Hi, Admin Liza here! Oh boy, do I have thoughts on Eve and Juliette and what’s going on there.
I agree that I’m happy to see Bitsie still in the show in (almost) any form. I also do share Liz’s need to know exactly what went on with her resurrection and transformation. Juliette was a very strong-willed person and an incredibly powerful Hexenbiest, and so far as we’ve seen HW had nothing and no one as powerful before they “broke” her to create Eve…so how did they even manager to do that?
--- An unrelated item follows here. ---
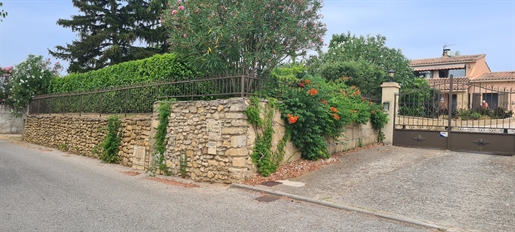 7 pièces 137 m² · à Saint-Quentin-la-Poterie · 137 m² · 550 000 €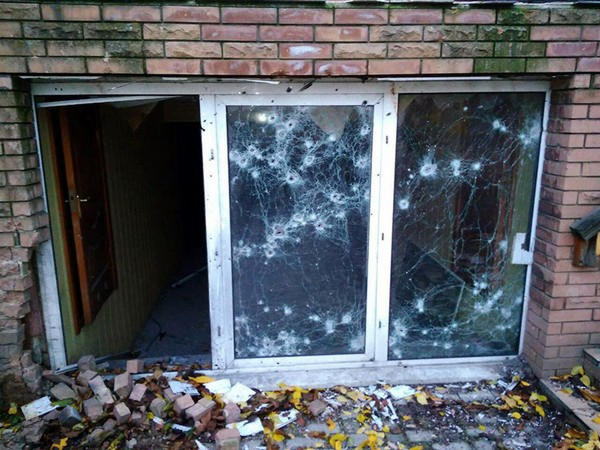 В Марьинке обнаружены еще два дома, поврежденные в результате обстрела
Did they dampen her powers somehow? We know there’s only one spell that can really suppress them, but Hexenbiests are still susceptible to regular controlled substances, and I feel like any amount of brainwashing, let alone something that thorough, would almost certainly involve the use of drugs at some point. *shudder*
What I find most horrifying is the possibility–slightly suggested in one of Bitsie’s early season 5 interviews–that Juliette actually chose at some point to just lose herself in whatever they were putting her through in order to escape the feelings of abandonment, betrayal, anger, isolation, loss, and regret over everything that had happened to her. The idea that her existence was so painful that it was easier to just completely shut down and voluntarily dehumanize herself…it’s painful to think about, but would also make perfect sense with the way we’ve seen Eve behave so far.
See, I not only think Juliette is still in there, I’m like 90% certain that’s what the writers want us to think.
Moreover, I don’t think Juliette ever really left, and while I do think Eve is a separate personality, I also think she’s something of a way for Juliette to protect herself, rather than a replacement that’s edged her out or locked her down.
Eve tries a little too hard, in my opinion, to stay detached whenever she’s outside the HW base–wearing the wigs, avoiding direct interaction, avoiding eye contact, keeping physical distance unless absolutely necessary when she does interact–for someone who’s just completely severed themselves from any of the emotions associated with their old life and memories.
Her interactions with regards to Nick, in particular, make me think Juliette and all her emotions have been there the whole time, ready to kick up a fuss the second “Eve” lets her guard down.
We’ve seen Eve get up close and personal with only a few people (that she wasn’t directly attacking): Nick, Adalind, and Rosalee. In both the Adalind and Rosalee instances, she was displaying very un-Eve-like behavior: showing concern for Nick, expressing protectiveness toward him.
Of the times she gets really close to Nick, two were because he approached her first, and one was because they were in close quarters and she couldn’t get further away.
In the scenes where he approaches her, she either avoids eye contact all together or completely shuts down: stares blankly, talks business-only: short, to-the-point sentences, no more information than he asks for. She doesn’t make eye contact with him in the restaurant until he demands it, and even then it seems more like a knee-jerk reaction to being given an order than something she wants to do. When she tells him she regrets that he never got the chance to bury Juliette, she does it looking away from him. And in both instances, she leaves almost immediately after.
More recently, when she’s in the car with him, she barely looks at him, glancing at him a few times but never maintaining the kind of sustained, attentive eye contact he maintains as he talks to her. She also never shifts toward him, maintaining a distance between them even though he shifts and turns to be closer to her several times.
She doesn’t seem to need quite this level of emotional distance if other people are around, or if there’s a physical distance in place between them. But the fact remains that Eve is extra-careful about that distance when it comes to Nick, more so than with any other character.
And all of this taken together with her sudden displays of protectiveness point, for me, to Juliette’s emotional connection to Nick in particular not being completely gone, and Eve having to work a lot harder to keep contact with him from breaching that protective exterior.
(I’m also unabashedly and unashamedly dying to see that exterior just crack open, because while I find Eve interesting I miss Juliette like you would not believe, and I want to see her return and all of the mess from last season really get dealt with by everyone.)